Problem requirements
All of the data, word for word and free of pictures, is the expected result.
*** Opening Data block ***
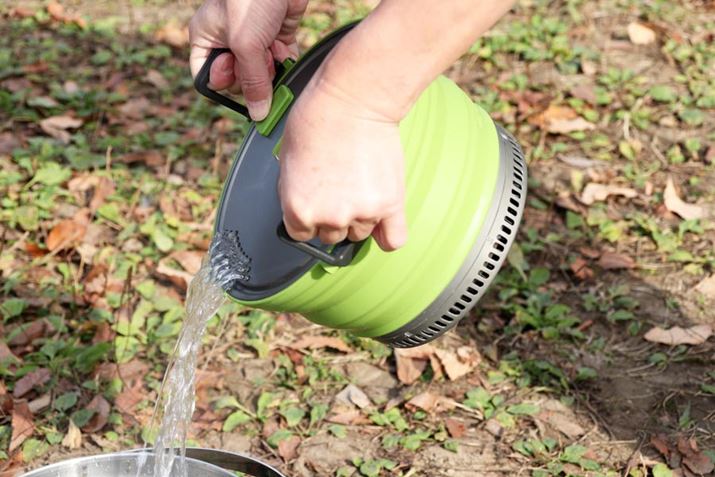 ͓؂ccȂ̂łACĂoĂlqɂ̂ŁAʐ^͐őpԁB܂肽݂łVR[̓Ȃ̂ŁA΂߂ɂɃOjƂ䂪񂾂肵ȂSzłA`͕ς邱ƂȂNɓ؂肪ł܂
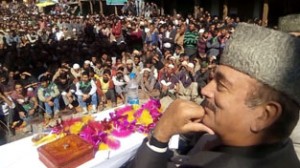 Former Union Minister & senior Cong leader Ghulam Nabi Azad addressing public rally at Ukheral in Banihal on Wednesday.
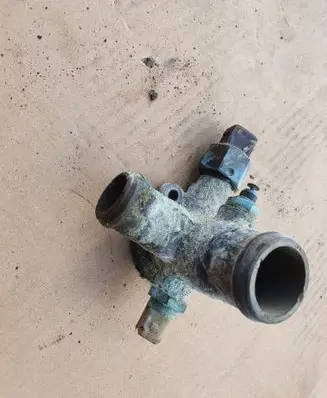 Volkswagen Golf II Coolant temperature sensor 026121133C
*** Closing Data block ***
Task answer
 ͓؂ccȂ̂łACĂoĂlqɂ̂ŁAʐ^͐őpԁB܂肽݂łVR[̓Ȃ̂ŁA΂߂ɂɃOjƂ䂪񂾂肵ȂSzłA`͕ς邱ƂȂNɓ؂肪ł܂
 Former Union Minister & senior Cong leader Ghulam Nabi Azad addressing public rally at Ukheral in Banihal on Wednesday.
 Volkswagen Golf II Coolant temperature sensor 026121133C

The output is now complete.